With an emphasis on computerized design and workflow; increased use of digital, on-demand and cross-media output; and populist—indeed, personal editorial standards, modern book publishing bears little resemblance to the craft practiced a generation ago.
Some in the industry worry that the joined-at-the-hip crafts of publishing and printing are epochs approaching an end. In the future, anyone with an Internet connection and digital cash will be able to publish a nice looking (and, hopefully, nice reading) hardbound, softbound, or e-book.
One, some, or all three. Readers will buy them online, for an e-pittance, in numbers unthinkable today, along with the classics, pop titles, textbooks, New York Times best sellers, kid's books, and a seemingly infinite backlist of every conceivable title ever written.
The craftsman and their crafts of old will continue to exist in this new era—as part of a lesson plan on 15th and 16th century publishing technology taught at colleges and universities around the globe.
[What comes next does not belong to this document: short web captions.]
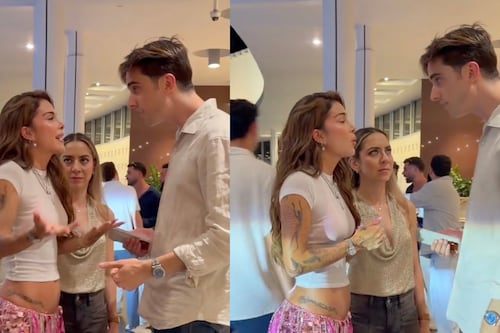Con jet privado a Europa: La incómoda propuesta que le hicieron a Greeicy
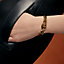 Mini Clic Chaine d'Ancre Hermès Sellier bracelet, View: Worn, worn, view 3 of 4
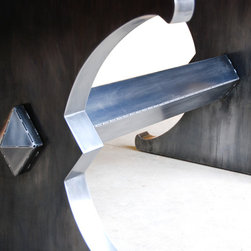 The Brooklyn "X" Dining Table - Dining Tables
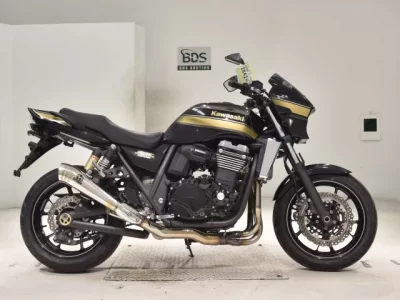 Kawasaki ZRX1200  с аукциона в Японии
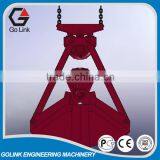 Four Rope Double Disc Under Water Dredging Grab for Excavator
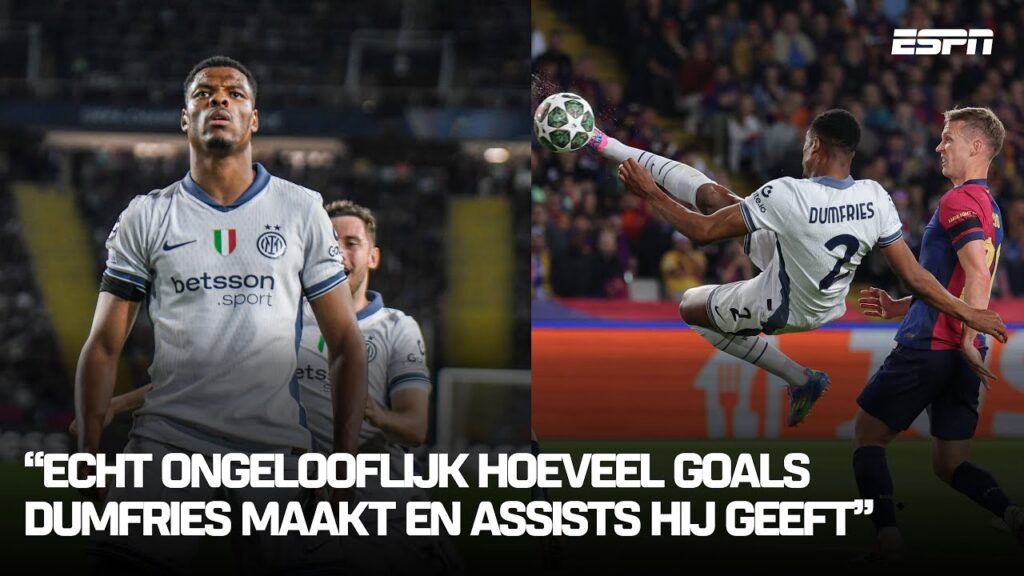 🙌 ALLE LOF voor DENZEL DUMFRIES: "Geen rechtsbacks in de wereld met zo'n HOOG RENDEMENT" 📈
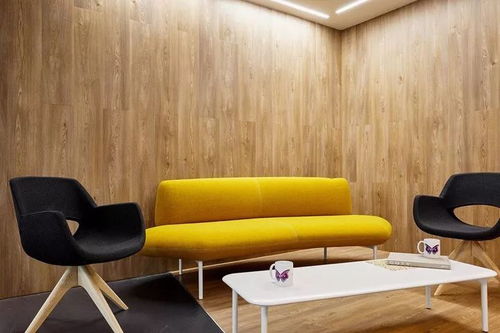 唯美高級灰 香水及美容產(chǎn)品巨頭coty集團墨西哥辦公設(shè)計欣賞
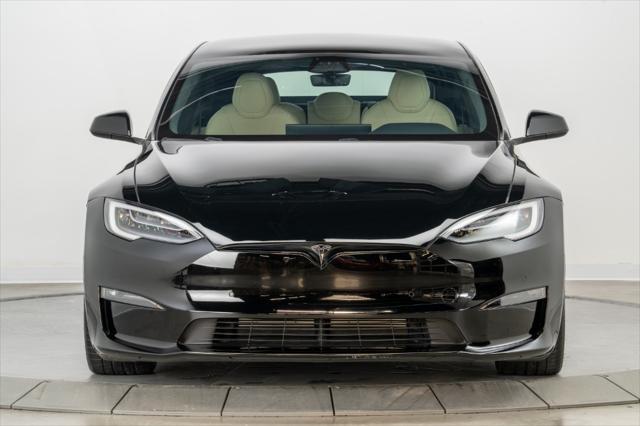 2021 tesla model s plaid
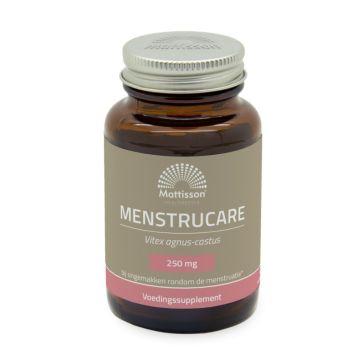 MenstruCare Vitex Agnus Castus (Mattisson) 60caps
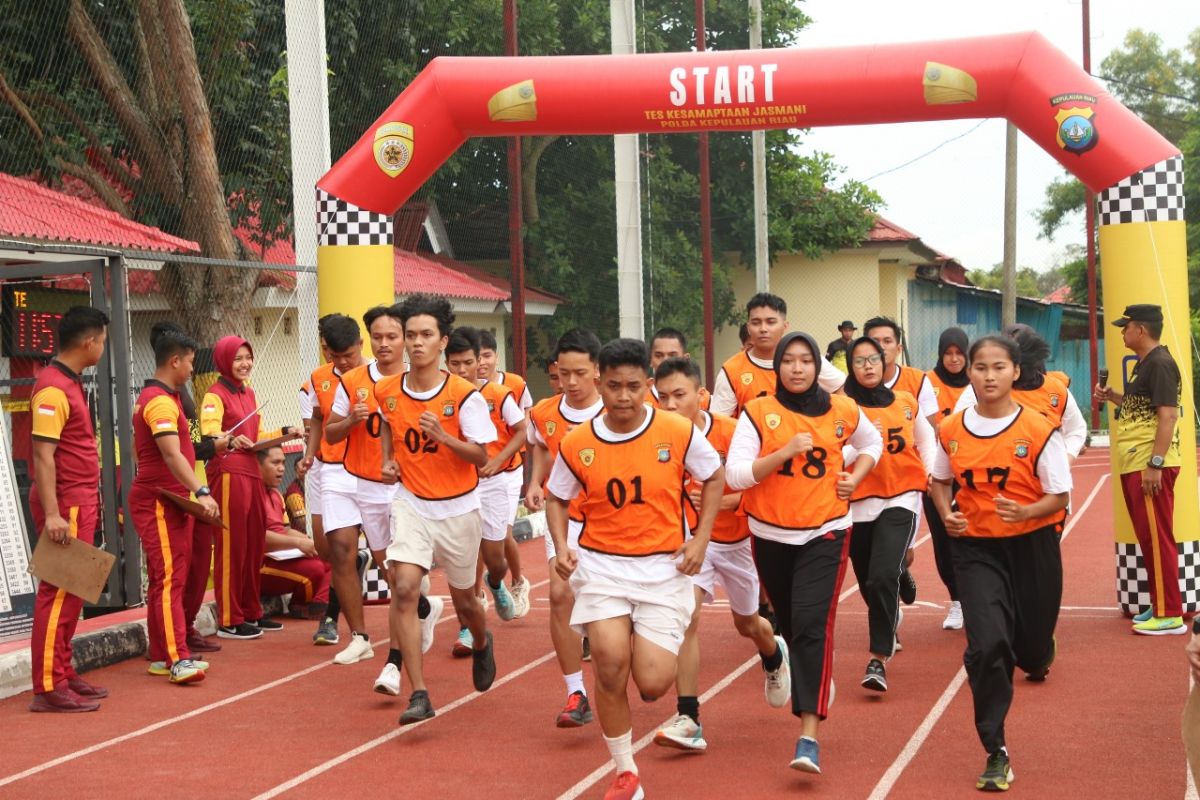 Kemenkumham gandeng Polda Kepri tes kesamaptaan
The computer and robo-factory will have attained their manifest destiny, completely automating the process of accepting manuscripts, spitting them out on demand, bar coding, shrink wrapping, co-mailing—effectively merging publishing, printing, and perhaps even distribution into one.
Against this fantastic yet stark backdrop of increasingly commoditized, self, electronic, and in-plant publishing, two passionate, slightly eccentric photographers set out to create a fine art book.
One that would do more than simply decorate coffee tables, or elicit a few oohs and aahs. One that would prove craft still matters; that a small group of dedicated, passionate, skilled human beings can produce a book measurably superior in virtually every aspect to anything high tech has to offer.
No detail escaped their grasp. No aspect was too small to fret, argue, cogitate, research, or lust over, or travel afar for. From the cover to the binding; to the paper and the screening; to the ink, color matching and digital tweaking; to the binding and binding components, to the photography.